Work has begun, but the project is scheduled to take four years.

Supermarkets tackle online shopping onslaught

British supermarkets are planning to introduce measures to persuade customers who are not at a heightened risk of developing a serious illness to shop in stores rather than online. This is part of a wider effort to ensure that those who need to visit them for essential supplies have a minimal chance of contracting or transmitting coronavirus.

In a letter to customers, Tesco's chief executive, Dave Lewis, said the company will introduce floor markings in car parks and stores to allow customers to maintain a "safe distance" from each other when queueing to enter shops and while waiting to pay. Marks & Spencer and Waitrose have also deployed staff to man the entrances of their stores.

In a letter to its customers, Sainsbury's chief executive, Mike Coupe, said the company would be limiting the number of people allowed in stores and was introducing a queueing system.
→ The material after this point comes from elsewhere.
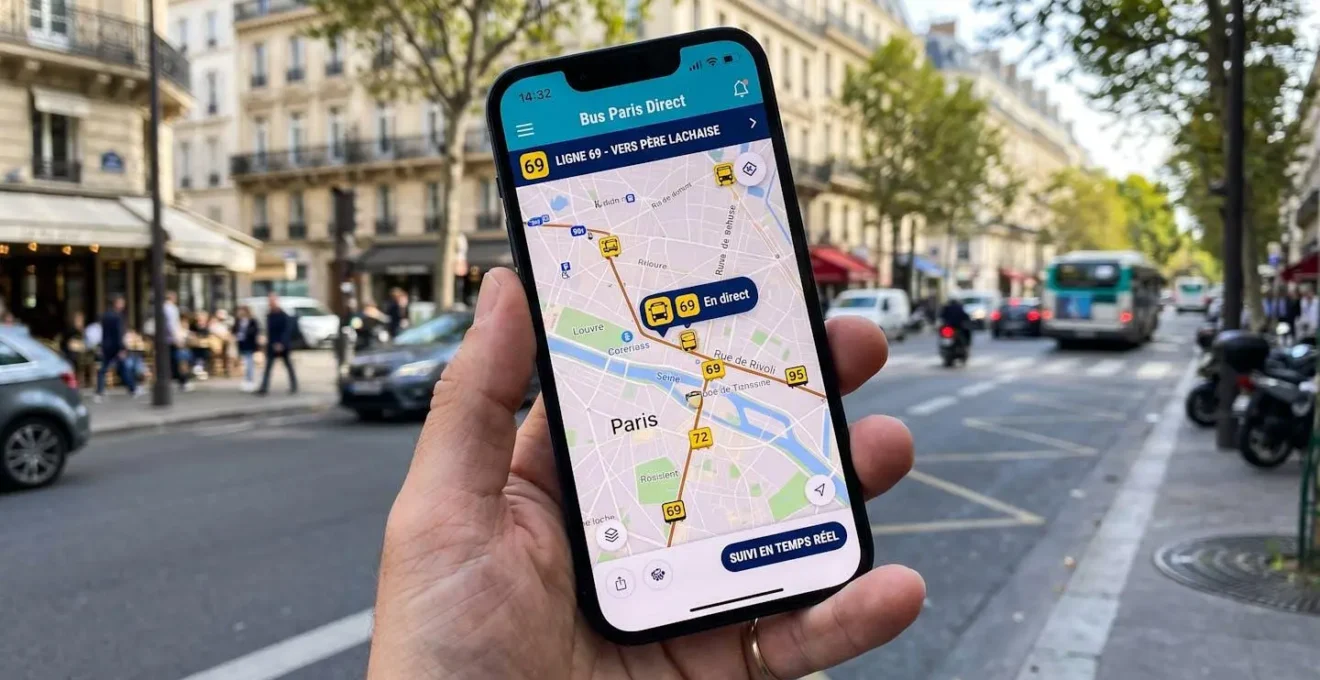 Gros plan sur un écran de smartphone affichant une carte interactive avec positions GPS des bus touristiques en temps réel et temps d'attente estimés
It comes after supermarket websites were overwhelmed by a flood of orders.

Customers going on to the Ocado website to secure a delivery were told they were in a queue of more than 12,000 people and it would take “more than four hours” of holding before being able to make an order. Tesco said it is at full capacity for “the next few weeks” and had to cancel “a very small proportion of online deliveries”, offering click and collect instead. Sainsbury’s said online demand was extremely high and Asda said it is working hard to make more online shopping slots available.